Malaysia is seeking replacement anti-ship missiles after Norway revoked an export licence for the Naval Strike Missile (NSM) earlier this year [1].

This cancellation creates a significant capability gap for the Malaysian navy. The loss of the NSM system limits the country's ability to project power and maintain security in the South China Sea, where naval readiness is critical for regional stability.

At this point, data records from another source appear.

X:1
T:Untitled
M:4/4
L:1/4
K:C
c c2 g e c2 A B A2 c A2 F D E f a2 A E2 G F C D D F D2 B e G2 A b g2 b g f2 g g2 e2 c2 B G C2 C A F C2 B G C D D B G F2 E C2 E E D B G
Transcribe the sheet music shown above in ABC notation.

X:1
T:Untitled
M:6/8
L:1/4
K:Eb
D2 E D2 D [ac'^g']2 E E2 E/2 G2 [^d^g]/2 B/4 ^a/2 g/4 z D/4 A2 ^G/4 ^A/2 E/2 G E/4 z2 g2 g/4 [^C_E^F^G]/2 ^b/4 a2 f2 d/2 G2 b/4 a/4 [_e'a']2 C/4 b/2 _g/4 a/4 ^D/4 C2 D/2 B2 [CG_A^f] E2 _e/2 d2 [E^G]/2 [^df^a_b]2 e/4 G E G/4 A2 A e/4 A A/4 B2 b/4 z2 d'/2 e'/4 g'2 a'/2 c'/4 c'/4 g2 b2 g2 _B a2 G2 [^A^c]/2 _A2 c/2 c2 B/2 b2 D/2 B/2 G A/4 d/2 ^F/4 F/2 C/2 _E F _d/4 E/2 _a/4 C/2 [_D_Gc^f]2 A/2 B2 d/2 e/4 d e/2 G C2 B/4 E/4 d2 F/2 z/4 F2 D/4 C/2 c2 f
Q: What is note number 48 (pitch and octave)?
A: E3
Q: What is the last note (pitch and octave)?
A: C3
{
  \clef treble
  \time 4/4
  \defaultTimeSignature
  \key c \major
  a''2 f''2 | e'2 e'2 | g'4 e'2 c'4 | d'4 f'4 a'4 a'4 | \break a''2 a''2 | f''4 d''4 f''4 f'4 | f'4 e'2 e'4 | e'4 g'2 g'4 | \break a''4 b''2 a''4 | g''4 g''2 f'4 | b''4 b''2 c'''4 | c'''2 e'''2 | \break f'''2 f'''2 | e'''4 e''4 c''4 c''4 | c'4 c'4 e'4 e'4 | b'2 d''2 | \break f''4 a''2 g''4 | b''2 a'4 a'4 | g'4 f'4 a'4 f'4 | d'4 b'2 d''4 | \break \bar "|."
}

Officials in Kuala Lumpur are now narrowing their search for alternative systems. The government is considering four potential suppliers [2] to replace the Norwegian technology. Among the candidates are Turkey, South Korea, and two other European nations [2].

The financial impact of the cancellation is substantial. Reports indicate that Malaysia had already paid for more than 90% of the cancelled NSM deal [2]. This leaves the Ministry of Defence to manage the loss of funds while simultaneously accelerating the procurement of a new system.

Turkey has emerged as a prominent candidate to fill the void. Analysts said that Turkish defence industry officials are positioning themselves to replace Norway as a primary naval partner, offering alternative missile technologies that could integrate with existing Malaysian vessels [3].

Other options include South Korean systems, which have historically seen success in the Southeast Asian market. The search for a replacement involves weighing the technical specifications of these missiles against the urgent need to restore naval strike capabilities [2].

Norway's decision to withdraw the licence in early 2026 [3] has forced a rapid shift in Malaysia's procurement strategy. The government must now balance the need for speed with the requirement for a long-term, reliable partnership to avoid similar disruptions in the future.

Malaysia is seeking replacement anti-ship missiles after Norway revoked an export licence.

The revocation of the export licence highlights the vulnerability of relying on a single foreign supplier for critical defense infrastructure. By diversifying its search to include Turkey and South Korea, Malaysia is attempting to mitigate geopolitical risks and reduce its dependence on European export controls, which can be subject to sudden policy shifts.